- _Exercise_
Reproduce the listing below in full and exactly; no pictures belong in the copy.

- _Information supplied_
◇ ◇ ◇ ◇ ◇
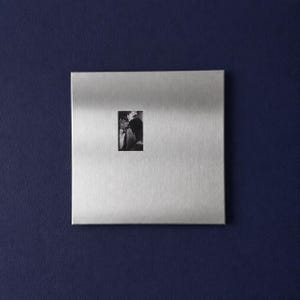 Square stainless steel picture frame hanging on wall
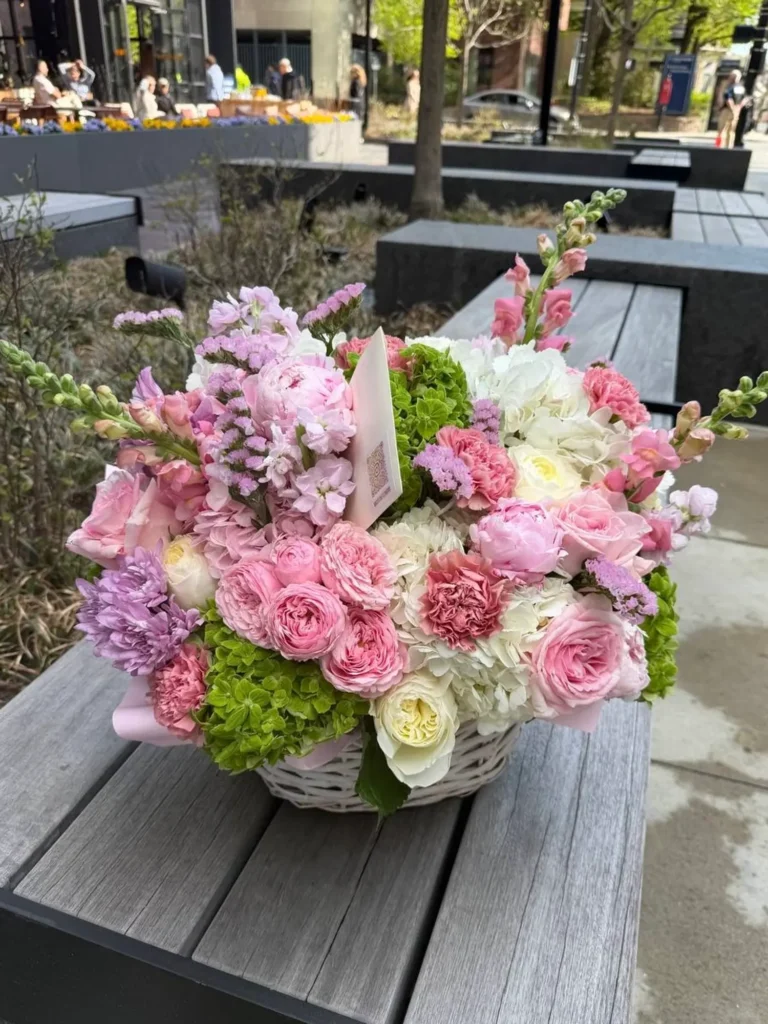 Pink Garden Basket with roses, hydrangeas, and seasonal blooms by Boston Flowers, main view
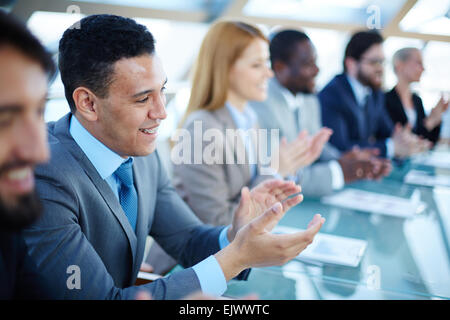 Happy business people applauding to speaker at seminar Stock Photo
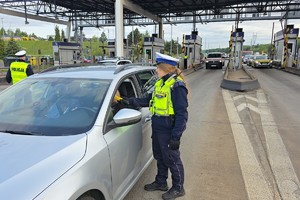 zdjęcie przedstawia policjanta w trakcie kontroli trzeźwości kierującego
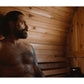 Bearded man with visible tattoos relaxing shirtless inside wooden barrel sauna with horizontal wood paneling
◇ ◇ ◇ ◇ ◇
- _Exercise solution_
 Square stainless steel picture frame hanging on wall
 Pink Garden Basket with roses, hydrangeas, and seasonal blooms by Boston Flowers, main view
 Happy business people applauding to speaker at seminar Stock Photo
 zdjęcie przedstawia policjanta w trakcie kontroli trzeźwości kierującego
 Bearded man with visible tattoos relaxing shirtless inside wooden barrel sauna with horizontal wood paneling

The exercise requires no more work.